I was pretty loudly proclaiming to colleagues and friends how Facebook Chat would be a pretty useless addition to the platform. Well, I’m patting myself on the back because it appears as if I got it right. Facebook Chat is pretty useless – for the win.
Ok, so maybe I didn’t really need to go that far out on a limb to make this prediction. Instead, I used common sense. You see, there’s already a few instant messenger platforms that handle chat. You may have heard of Google Talk, Yahoo IM, AOL IM, Skype, Gadu-Gadu, Meebo, ICQ, Jabber, and a few dozen more that collectively amount to over 1 billion registered users. Even with their 60 million users, it’s not hard to see that Facebook has a lot to overcome to be relevant in this space.
Now, the reviews are coming in from Tech Blog big shots. Do we really need another IM? Sarah Perez from ReadWriteWeb thinks “Probably not.” Michael Arrington from Techcrunch also points out that with “no integration of AIM, Gtalk, or any other protocol yet,” it makes the Facebook Chat another “walled garden.”
Why then, would Facebook come late into a mature market with a technology platform that doesn’t play well with others? Perhaps Mark Zuckerberg, founder of Facebook, is starting to believe some of the “can-do-no-wrong” hype around Facebook. In a 60 Minutes interview, Lesley Stahl told Zuckerberg “you seem to be replacing Larry and Sergei.” Stahl continues to refer to Facebook as, among other things, an “internet revolution” and the “biggest thing since Google.”
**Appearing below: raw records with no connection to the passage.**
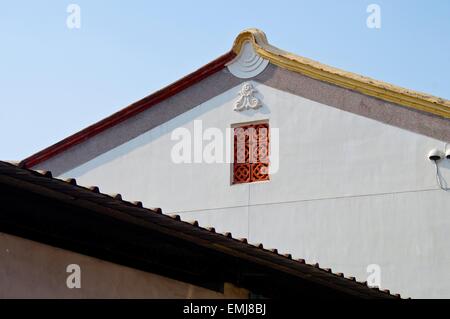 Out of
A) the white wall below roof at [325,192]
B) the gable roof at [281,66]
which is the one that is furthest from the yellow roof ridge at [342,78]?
the white wall below roof at [325,192]

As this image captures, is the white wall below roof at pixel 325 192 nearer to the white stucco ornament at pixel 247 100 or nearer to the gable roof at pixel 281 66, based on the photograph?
the white stucco ornament at pixel 247 100

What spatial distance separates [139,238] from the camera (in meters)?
8.30

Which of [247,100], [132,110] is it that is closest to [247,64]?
[247,100]

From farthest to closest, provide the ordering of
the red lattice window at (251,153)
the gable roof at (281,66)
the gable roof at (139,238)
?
the red lattice window at (251,153), the gable roof at (281,66), the gable roof at (139,238)

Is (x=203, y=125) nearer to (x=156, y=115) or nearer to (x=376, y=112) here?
(x=156, y=115)

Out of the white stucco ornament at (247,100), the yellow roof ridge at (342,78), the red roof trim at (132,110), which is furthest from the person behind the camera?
the red roof trim at (132,110)

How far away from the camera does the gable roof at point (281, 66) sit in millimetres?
14109

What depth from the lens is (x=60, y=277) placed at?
7.81 meters

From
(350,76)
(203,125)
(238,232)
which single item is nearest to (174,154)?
(203,125)

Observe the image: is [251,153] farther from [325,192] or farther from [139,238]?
[139,238]

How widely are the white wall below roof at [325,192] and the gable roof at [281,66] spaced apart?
44 cm

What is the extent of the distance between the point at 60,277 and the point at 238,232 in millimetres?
7649

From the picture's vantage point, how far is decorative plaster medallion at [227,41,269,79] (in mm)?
15773

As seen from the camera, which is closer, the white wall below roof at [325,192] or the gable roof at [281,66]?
the white wall below roof at [325,192] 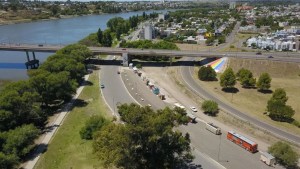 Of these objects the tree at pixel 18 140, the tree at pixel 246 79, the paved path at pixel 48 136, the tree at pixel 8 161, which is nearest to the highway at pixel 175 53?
the tree at pixel 246 79

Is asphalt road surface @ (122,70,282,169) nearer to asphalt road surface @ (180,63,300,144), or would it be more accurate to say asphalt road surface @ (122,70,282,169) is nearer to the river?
asphalt road surface @ (180,63,300,144)

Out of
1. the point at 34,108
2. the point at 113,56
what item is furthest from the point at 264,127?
the point at 113,56

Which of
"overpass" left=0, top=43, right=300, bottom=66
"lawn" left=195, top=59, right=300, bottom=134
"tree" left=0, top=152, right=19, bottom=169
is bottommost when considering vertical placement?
"lawn" left=195, top=59, right=300, bottom=134

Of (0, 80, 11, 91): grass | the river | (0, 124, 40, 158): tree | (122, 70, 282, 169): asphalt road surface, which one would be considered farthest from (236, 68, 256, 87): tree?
the river

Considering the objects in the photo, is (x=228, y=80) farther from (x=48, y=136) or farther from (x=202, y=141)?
(x=48, y=136)

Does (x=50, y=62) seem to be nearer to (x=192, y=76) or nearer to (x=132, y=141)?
(x=192, y=76)

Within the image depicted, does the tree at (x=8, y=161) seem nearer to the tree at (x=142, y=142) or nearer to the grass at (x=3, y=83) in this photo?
the tree at (x=142, y=142) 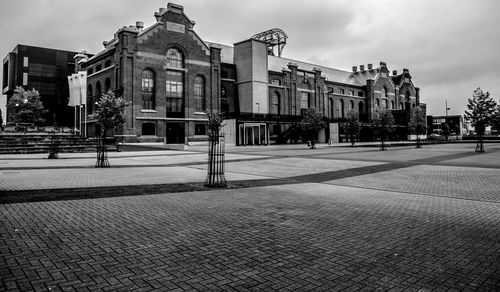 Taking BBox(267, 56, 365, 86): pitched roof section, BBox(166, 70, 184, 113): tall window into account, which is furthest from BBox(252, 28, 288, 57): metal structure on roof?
BBox(166, 70, 184, 113): tall window

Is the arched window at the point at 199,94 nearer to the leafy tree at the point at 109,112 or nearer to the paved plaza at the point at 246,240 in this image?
the leafy tree at the point at 109,112

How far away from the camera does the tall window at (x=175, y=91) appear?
149ft

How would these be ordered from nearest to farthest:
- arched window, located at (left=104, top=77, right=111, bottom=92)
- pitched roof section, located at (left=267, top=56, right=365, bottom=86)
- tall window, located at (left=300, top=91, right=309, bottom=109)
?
arched window, located at (left=104, top=77, right=111, bottom=92), pitched roof section, located at (left=267, top=56, right=365, bottom=86), tall window, located at (left=300, top=91, right=309, bottom=109)

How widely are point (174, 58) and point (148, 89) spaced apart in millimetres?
6365

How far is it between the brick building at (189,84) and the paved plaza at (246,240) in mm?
35133

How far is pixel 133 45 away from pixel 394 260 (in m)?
43.5

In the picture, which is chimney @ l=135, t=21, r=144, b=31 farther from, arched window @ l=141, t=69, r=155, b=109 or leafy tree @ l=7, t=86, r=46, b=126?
leafy tree @ l=7, t=86, r=46, b=126

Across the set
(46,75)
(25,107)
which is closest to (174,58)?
(25,107)

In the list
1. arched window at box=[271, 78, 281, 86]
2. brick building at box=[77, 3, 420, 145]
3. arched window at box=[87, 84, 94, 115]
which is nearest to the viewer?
brick building at box=[77, 3, 420, 145]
The fact of the matter is – we don’t really need another chat platform. Facebook is the poster child for user generated content and Web 2.0 community, but will not surpass Google as the primary online communication, online commerce engine, and information dissementation platform used by people throughout the world. I would have rathered Facebook spend less time trying to prove how cool they are – “there’s a dude on a unicycle – how rad!,” less time explaining how unaffected they are (Zuckerberg claims to sleep on a mattress laying on the floor.), and more time coming up with new innovative ideas that might actually lend credence to all the posturing and hype thrown at the company. Then again, I’m not the one being interviewed by 60 Minutes . . .
[youtube=http://www.youtube.com/watch?v=_cEySyEnxvU]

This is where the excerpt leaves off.